No sé si lo habré dicho alguna vez por aquí: siento debilidad por Santa Teresa. En consecuencia, siento debilidad por las Carmelitas Descalzas y, de entre todas ellas, siento debilidad por la comunidad cuyo convento está en un pueblo cerca de donde vivo. Con ellas comprendí que la vocación de clausura tiene su sentido y su razón de ser.

Sin embargo, hablando un día con una amiga teresiana, descubrí otra luz acerca del sentido de la vocación de la vida de clausura. Me dijo que, entre sus rezos, su silencio y sus vidas calladas, Dios encuentra su descanso. Aquello me llegó al corazón. Nunca había imaginado que Dios pudiera necesitar un sitio donde descansar y pensé que poder ofrecérselo era lo más hermoso que se podía dar al Señor.

Desde entonces, alguna que otra vez he querido ofrecerle a Dios mi oración como lugar donde Él repose. No sé si encontrará un respiro entre mis palabras, porque, al final, siempre ando mareándole con mis cosas. Pero alguna que otra vez le he hecho un hueco en el cojín sobre el que hago mis oraciones y hemos estado ahí los dos en silencio.

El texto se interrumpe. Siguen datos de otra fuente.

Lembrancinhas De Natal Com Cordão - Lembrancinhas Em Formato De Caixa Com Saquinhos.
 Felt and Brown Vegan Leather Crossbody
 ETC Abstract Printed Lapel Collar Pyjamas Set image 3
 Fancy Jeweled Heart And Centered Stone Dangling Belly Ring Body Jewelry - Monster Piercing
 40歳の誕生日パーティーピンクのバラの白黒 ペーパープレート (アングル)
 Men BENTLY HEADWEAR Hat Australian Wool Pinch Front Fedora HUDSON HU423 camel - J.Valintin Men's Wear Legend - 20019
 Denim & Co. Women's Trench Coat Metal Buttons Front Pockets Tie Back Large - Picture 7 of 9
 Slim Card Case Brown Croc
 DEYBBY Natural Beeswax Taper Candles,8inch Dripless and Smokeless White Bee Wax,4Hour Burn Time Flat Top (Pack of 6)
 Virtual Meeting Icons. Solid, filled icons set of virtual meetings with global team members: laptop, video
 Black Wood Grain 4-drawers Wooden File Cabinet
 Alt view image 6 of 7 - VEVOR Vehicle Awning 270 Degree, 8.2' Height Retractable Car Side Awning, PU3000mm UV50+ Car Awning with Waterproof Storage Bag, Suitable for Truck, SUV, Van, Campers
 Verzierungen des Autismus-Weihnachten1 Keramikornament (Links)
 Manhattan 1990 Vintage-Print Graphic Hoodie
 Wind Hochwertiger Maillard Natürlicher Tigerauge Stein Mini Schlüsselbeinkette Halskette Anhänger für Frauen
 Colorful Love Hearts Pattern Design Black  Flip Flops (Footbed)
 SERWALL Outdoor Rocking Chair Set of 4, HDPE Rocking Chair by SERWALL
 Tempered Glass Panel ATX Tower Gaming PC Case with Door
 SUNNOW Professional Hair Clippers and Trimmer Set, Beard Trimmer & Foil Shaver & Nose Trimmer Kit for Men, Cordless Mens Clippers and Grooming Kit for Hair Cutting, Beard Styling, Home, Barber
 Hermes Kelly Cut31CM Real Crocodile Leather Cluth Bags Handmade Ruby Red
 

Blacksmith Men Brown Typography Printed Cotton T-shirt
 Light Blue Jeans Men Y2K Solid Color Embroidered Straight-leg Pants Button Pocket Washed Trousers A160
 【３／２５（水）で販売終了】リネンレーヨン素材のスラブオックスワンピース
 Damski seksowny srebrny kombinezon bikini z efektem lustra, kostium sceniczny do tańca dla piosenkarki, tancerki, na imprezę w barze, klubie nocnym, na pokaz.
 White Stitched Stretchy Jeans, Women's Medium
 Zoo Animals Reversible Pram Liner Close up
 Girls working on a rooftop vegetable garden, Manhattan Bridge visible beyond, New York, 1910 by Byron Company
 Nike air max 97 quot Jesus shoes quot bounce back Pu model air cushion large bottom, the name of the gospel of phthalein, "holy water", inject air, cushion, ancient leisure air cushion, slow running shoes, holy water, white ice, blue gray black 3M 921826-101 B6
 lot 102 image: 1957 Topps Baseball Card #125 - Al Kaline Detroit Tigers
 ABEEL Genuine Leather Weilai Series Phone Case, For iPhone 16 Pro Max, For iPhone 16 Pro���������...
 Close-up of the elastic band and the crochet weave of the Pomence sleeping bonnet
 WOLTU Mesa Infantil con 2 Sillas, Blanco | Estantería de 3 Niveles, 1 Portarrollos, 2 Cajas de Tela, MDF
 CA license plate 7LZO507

Y en esos minutos he descubierto otra maravilla más de la oración: que, a pesar de mi debilidad y mi pobreza, soy también la posibilidad de ser hogar para el Señor. Soy la casa de Lázaro, donde habitan la Marta del ajetreo y la María de la contemplación; soy los cabellos de la pecadora que le lava los pies; soy el séptimo día de la Creación en el que Dios descansa, y soy también un rinconcito del hogar de Nazaret donde María dulcemente acunó tantas veces a Jesús en sus brazos. Y solo me sale decir «¡aleluya!».